> _Task directions_:
Would you print the lines below exactly, beginning at the line that has "Testing your application" and stopping after the line that has "But there's a"? Only those lines, and no pictures.

> _Exercise materials_:
+ + + + + + +
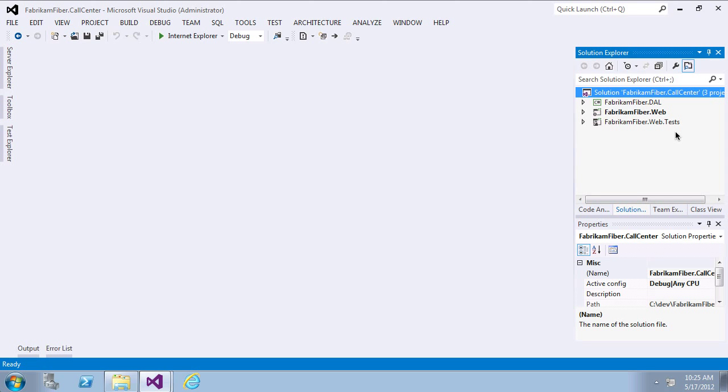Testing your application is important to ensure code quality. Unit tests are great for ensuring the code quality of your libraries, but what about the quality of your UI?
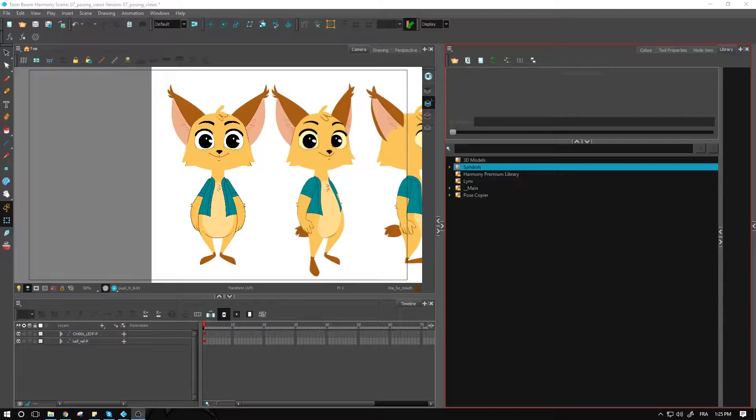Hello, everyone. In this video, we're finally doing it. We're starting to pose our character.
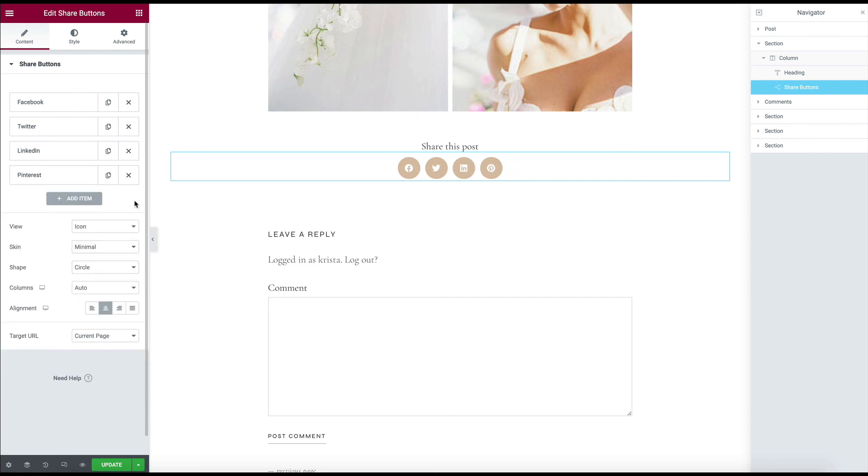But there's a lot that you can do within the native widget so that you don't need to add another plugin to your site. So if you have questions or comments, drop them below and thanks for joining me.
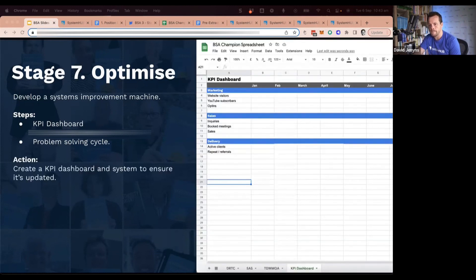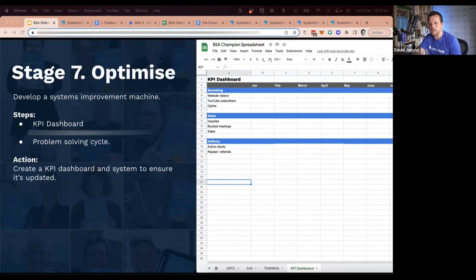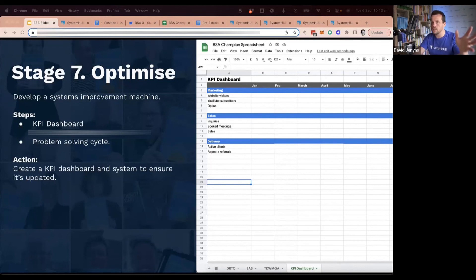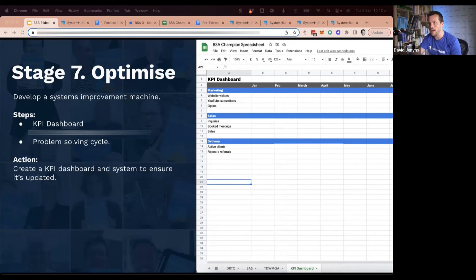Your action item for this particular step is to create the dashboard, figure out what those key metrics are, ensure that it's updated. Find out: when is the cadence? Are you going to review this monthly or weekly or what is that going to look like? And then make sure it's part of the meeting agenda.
+ + + + + + +
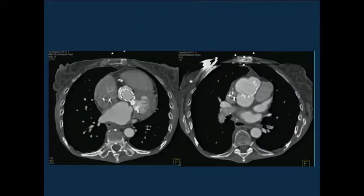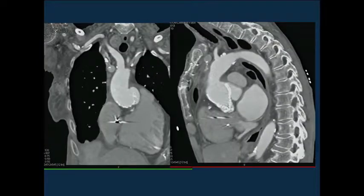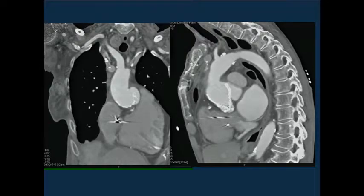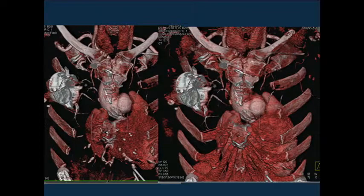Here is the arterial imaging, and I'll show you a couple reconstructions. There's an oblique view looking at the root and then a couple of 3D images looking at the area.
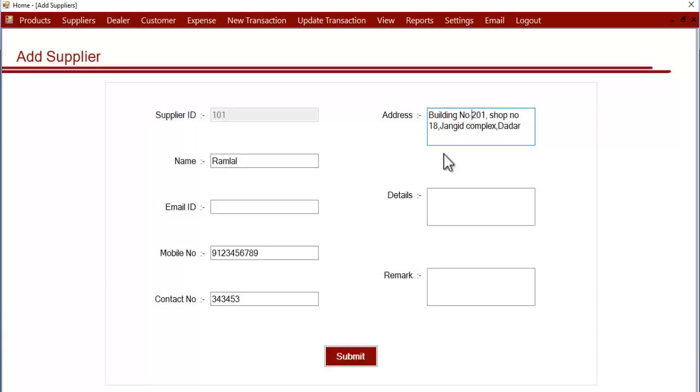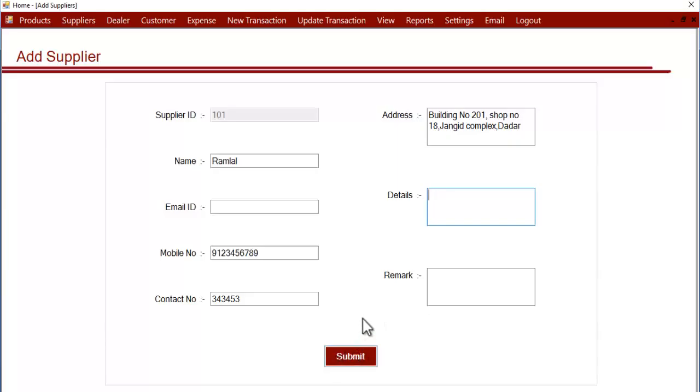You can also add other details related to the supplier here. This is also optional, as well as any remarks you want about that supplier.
+ + + + + + +
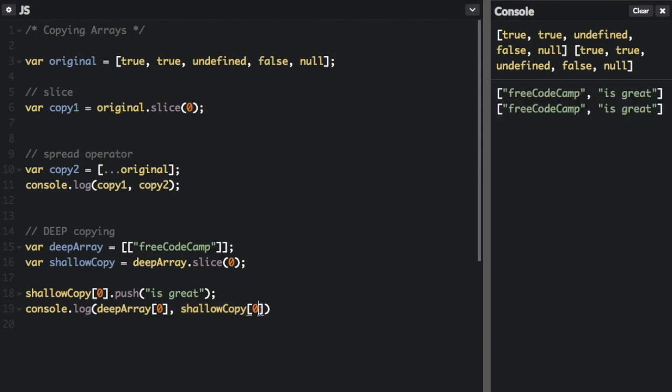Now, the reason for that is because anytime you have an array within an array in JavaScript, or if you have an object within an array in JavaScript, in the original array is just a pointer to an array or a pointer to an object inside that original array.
+ + + + + + +
> _Response to this task_:
Testing your application is important to ensure code quality. Unit tests are great for ensuring the code quality of your libraries, but what about the quality of your UI?
Hello, everyone. In this video, we're finally doing it. We're starting to pose our character.
But there's a lot that you can do within the native widget so that you don't need to add another plugin to your site. So if you have questions or comments, drop them below and thanks for joining me.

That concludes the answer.